Bitcoin Songsheet: The Fiat Reality Of Real Estate

27/06/2022 by Idelto Editor

When human living space becomes an investment and store of value, the ownership of said land becomes distorted and centralized.

This is an opinion editorial by Jimmy Song, a Bitcoin developer, educator and entrepreneur and programmer with over 20 years of experience.

Real estate is a fiat possession.

Not only is it ridiculously expensive, but it’s also difficult to maintain. Anyone that buys property is buying themselves a job. It’s the epitome of the quote from Fight Club: “The things that you own end up owning you.” What’s worse is that the rights over your property are limited.

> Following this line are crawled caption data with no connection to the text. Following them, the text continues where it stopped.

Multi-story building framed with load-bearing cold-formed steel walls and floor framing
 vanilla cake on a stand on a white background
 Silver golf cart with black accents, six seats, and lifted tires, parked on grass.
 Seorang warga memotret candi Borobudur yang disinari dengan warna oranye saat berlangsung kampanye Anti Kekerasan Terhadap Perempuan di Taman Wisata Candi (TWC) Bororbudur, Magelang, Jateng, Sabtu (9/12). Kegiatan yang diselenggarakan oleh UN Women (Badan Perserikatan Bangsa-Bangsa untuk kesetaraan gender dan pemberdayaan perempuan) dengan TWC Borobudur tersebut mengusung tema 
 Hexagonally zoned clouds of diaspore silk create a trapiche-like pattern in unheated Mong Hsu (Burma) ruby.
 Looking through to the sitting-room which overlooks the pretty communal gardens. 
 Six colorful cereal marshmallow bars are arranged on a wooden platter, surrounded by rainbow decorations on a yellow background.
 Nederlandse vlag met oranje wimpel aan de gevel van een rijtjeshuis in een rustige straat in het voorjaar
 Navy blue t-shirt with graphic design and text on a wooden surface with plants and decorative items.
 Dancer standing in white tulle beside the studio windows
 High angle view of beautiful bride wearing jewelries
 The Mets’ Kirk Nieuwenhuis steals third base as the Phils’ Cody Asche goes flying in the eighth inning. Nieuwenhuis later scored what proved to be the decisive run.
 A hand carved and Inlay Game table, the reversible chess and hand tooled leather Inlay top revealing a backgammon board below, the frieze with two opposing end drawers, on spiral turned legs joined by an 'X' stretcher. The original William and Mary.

Governments love pumping real estate because it gives people a sense of security and because it’s easy to tax — and pump it they do. Through mortgages and favorable tax treatment, home ownership has been a tool in the game of bread and circuses in which governments are continuously engaged. They use real estate as a way to both mollify and control. As a result real estate is a centralized, tenuous form of ownership, dependent on the whims of politicians.

Real estate isn’t portable, so it’s very easy to tax. The ease of taxation ultimately means that the government can degrade the property rights of the owner. As I will show in the rest of this article, land ownership has been debased and is in many ways the ultimate fiat possession. The authorities get to decide just how far your rights really go, and in many cases, it’s not very far.

Nobody Really Owns Land

The government backs up its taxation power with threats of force. The threats in this case include taking the property away from you. You may think you own the land, but in reality, you have exclusive use of it with the government’s permission. The government can take it away at any time — and on a long enough time scale, they eventually will.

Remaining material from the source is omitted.